- [Task to carry out]: Your answer should give again, exactly, the lines from the beginning of the entries below through the line containing "Hi kids! Are". It must contain no pictures.

- [Data]:
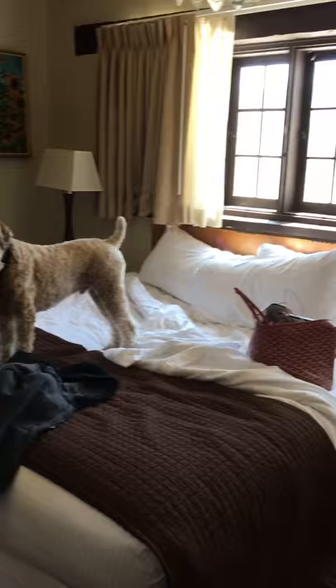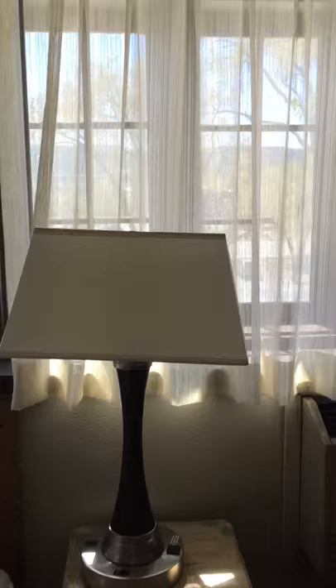This is the Georgia O'Keeffe room at the Sagebrush Inn. As you can see, there are tons of windows and so much light. You can see the mountains around Taos.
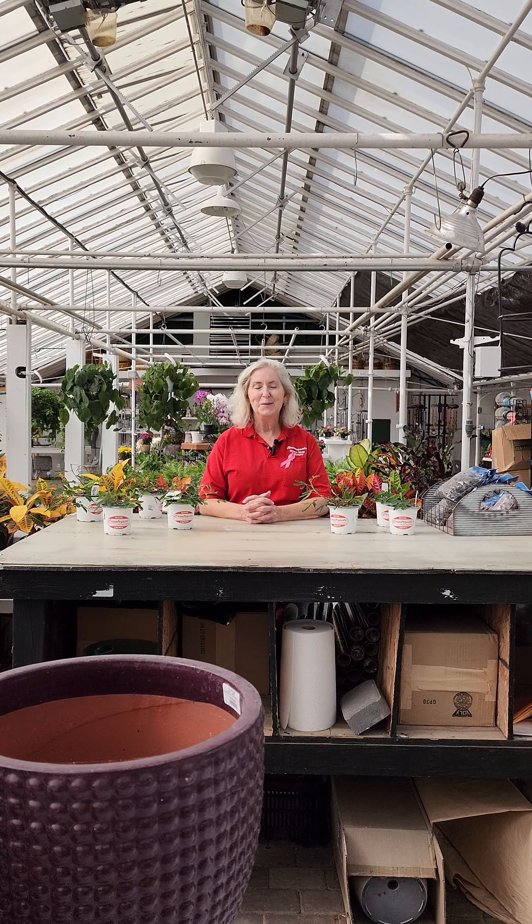Right now at Countryside, we have our own homegrown sensitive plants in 4-inch pots. Why don't you come in and check them out and take one home with you? I'll see you in the greenhouse — let's do this!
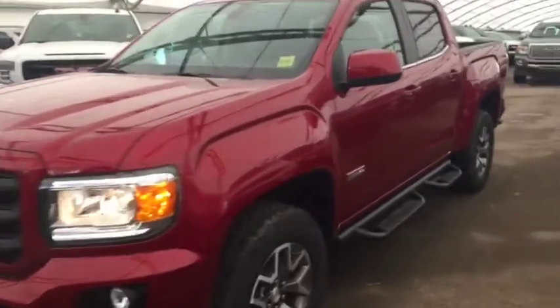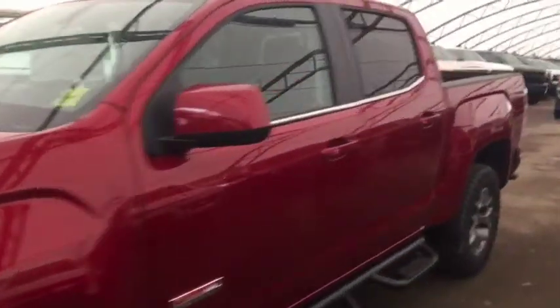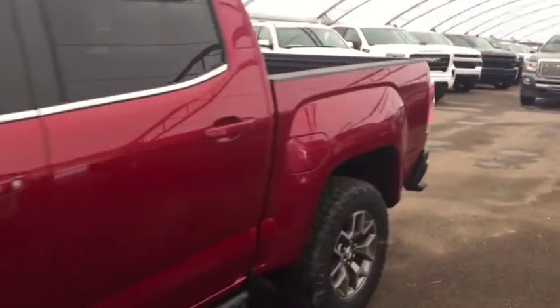Welcome to Davis Chevrolet. This is a 2019 GMC Canyon with the all-terrain package in the color red.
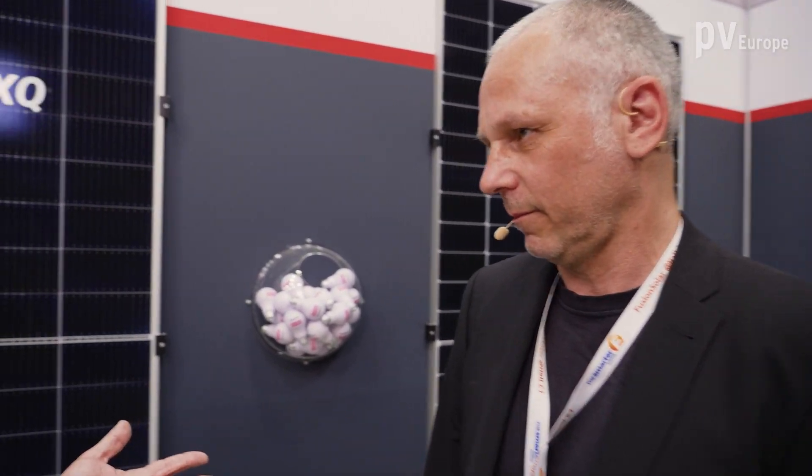Dear visitors, warm welcome to the booth of AXI-TECH. On my side, I welcome Mr. Steffen Wiedmann. He is the CEO of AXI-TECH. Modules are the basic component of the solar system. We are here among a wide range of modules. What do you have for our customers?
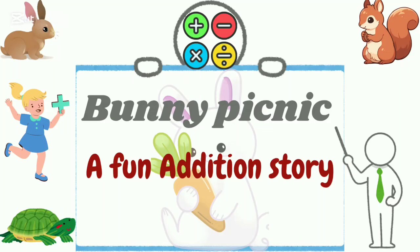Hi kids! Are you ready for a fun math adventure? Bunny Picnic, a fun addition story.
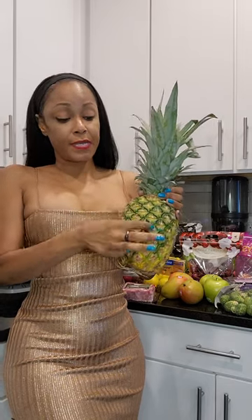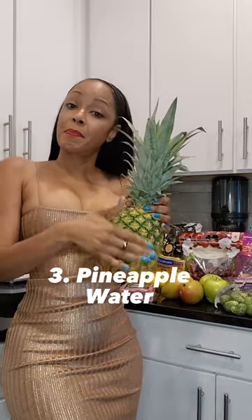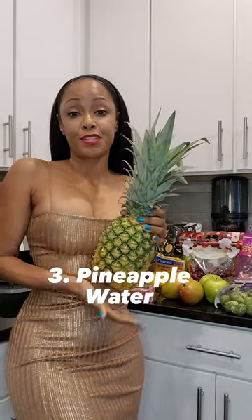The third thing I use it for: I clean the outside and then I boil it. The outside does have a lot of nutrients. So it's just like coconut water — there'll just be pineapple water. I keep that in the fridge as well.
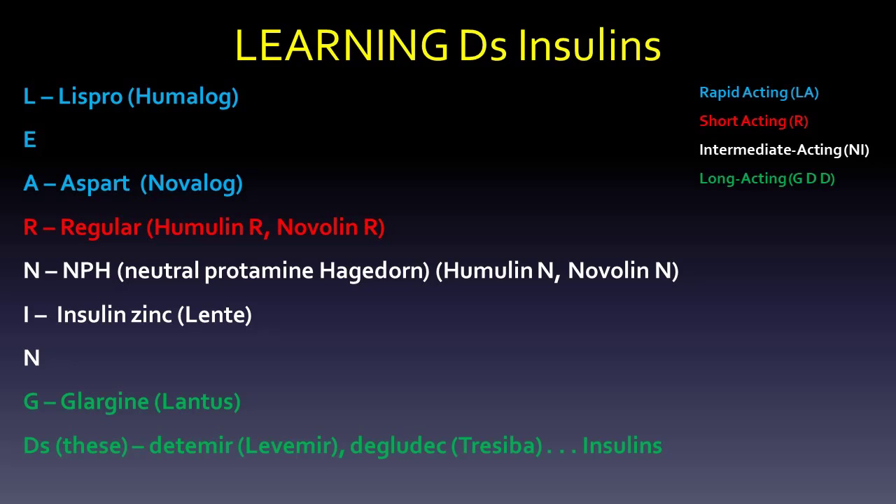The L-E-A of "learning" reminds you of Lispro — the L — which is Humalog, and Aspart, which is Novalog. The E doesn't really mean anything. Those are the rapid-acting ones that have a peak at about an hour, and those are the ones where we make sure to have some food very soon.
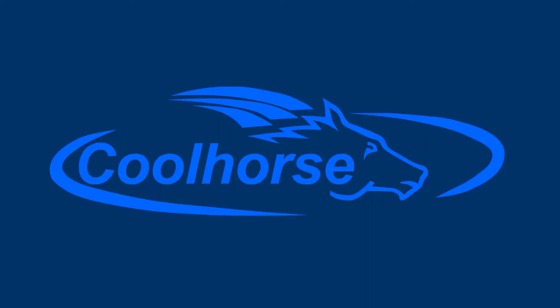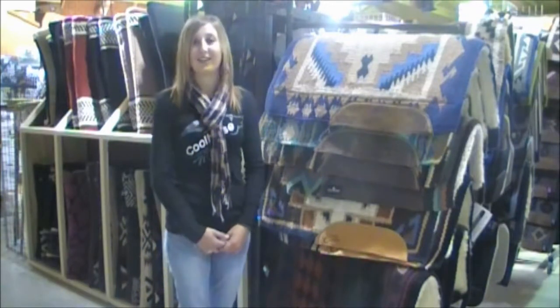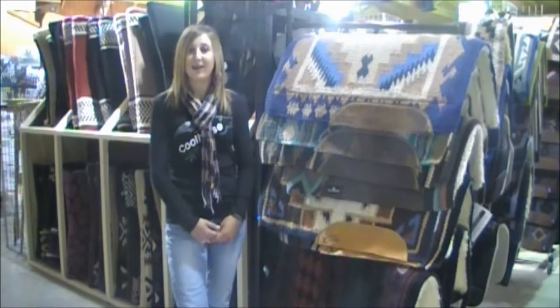Hey guys, this is Bethany at Coolhorse.com. Today I'm just going to introduce you to our wide selection of pads.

- [Task answer]:
This is the Georgia O'Keeffe room at the Sagebrush Inn. As you can see, there are tons of windows and so much light. You can see the mountains around Taos.
Right now at Countryside, we have our own homegrown sensitive plants in 4-inch pots. Why don't you come in and check them out and take one home with you? I'll see you in the greenhouse — let's do this!
Welcome to Davis Chevrolet. This is a 2019 GMC Canyon with the all-terrain package in the color red.
Dear visitors, warm welcome to the booth of AXI-TECH. On my side, I welcome Mr. Steffen Wiedmann. He is the CEO of AXI-TECH. Modules are the basic component of the solar system. We are here among a wide range of modules. What do you have for our customers?
Hi kids! Are you ready for a fun math adventure? Bunny Picnic, a fun addition story.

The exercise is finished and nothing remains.